Orphaned Bear Cubs in Care at our Ramona Wildlife Center
Two orphaned bear cubs in care at our Ramona Wildlife Center are doing well. The young bears, estimated to be about 6 months of age, were brought to Project Wildlife by the California Department of Fish and Wildlife (CDFW) on Aug. 18, 2021 after they were captured in Three Rivers area by the CDFW.
The bears had been seen without their mother and getting too close to humans — even being fed by people in the neighborhoods. For their own safety and the safety of the public, CDFW captured the cubs. Once assessed, the CDFW determined the orphaned cubs were too young to fend for themselves. “These two cubs are definitely too young to survive on their own without their mother,” said Christine Barton, director of operations & wildlife rehabilitation at San Diego Humane Society’s Ramona Campus. “We are thankful that the California Department of Fish and Wildlife was able to capture them when these two orphans began approaching people. It typically doesn’t end well for humans or animals when people begin feeding wildlife, regardless of age.”

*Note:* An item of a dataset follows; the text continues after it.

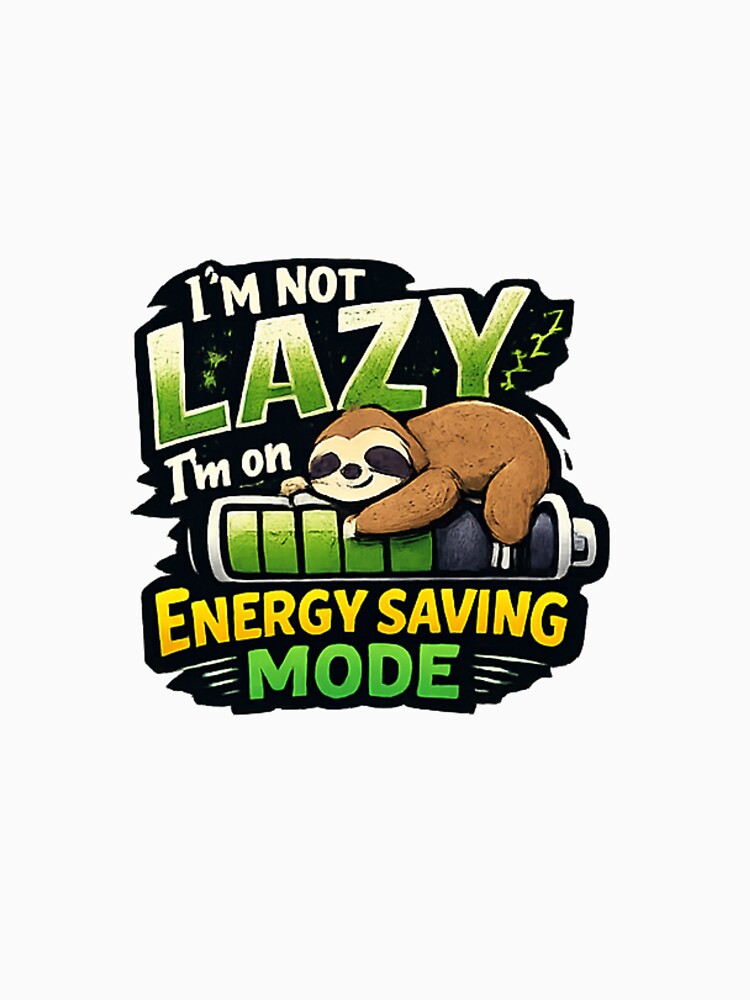 I'm Not Lazy I'm In Energy Saving Mode Sloth by Mix Mood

While at the Ramona Wildlife Center, the Project Wildlife team will provide a safe environment where the bear cubs can practice their natural skills and get the proper nutrition they need to grow and eventually be released back in the wild where they belong.

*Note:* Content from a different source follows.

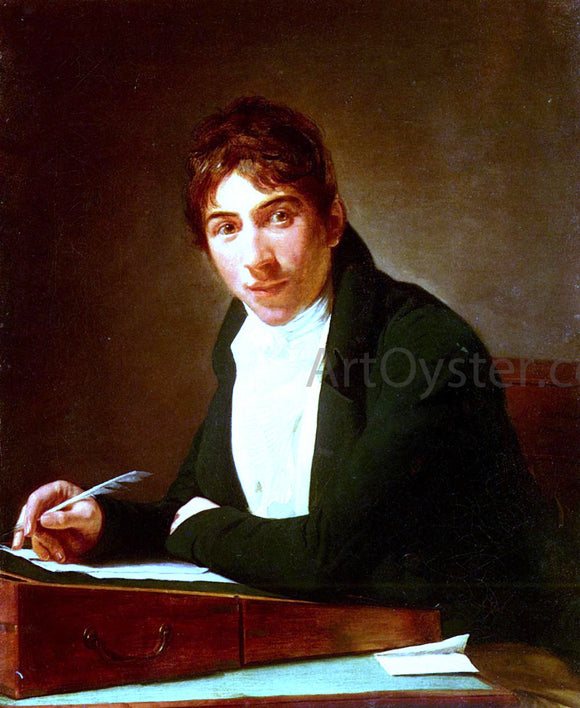  Henri Pierre Danloux A Portrait of Master Gardiner - Art Print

Our Project Wildlife program is the primary resource for wild animal rehabilitation and conservation education in San Diego County. Each year, SDHS gives nearly 13,000 injured, orphaned and sick wild animals a second chance. In 2020, SDHS announced a new Ramona Campus, where they specialize in caring for native apex predators and birds of prey, including hawks, owls, eagles, coyotes, bears, bobcats and, under special pilot authorization, mountain lions.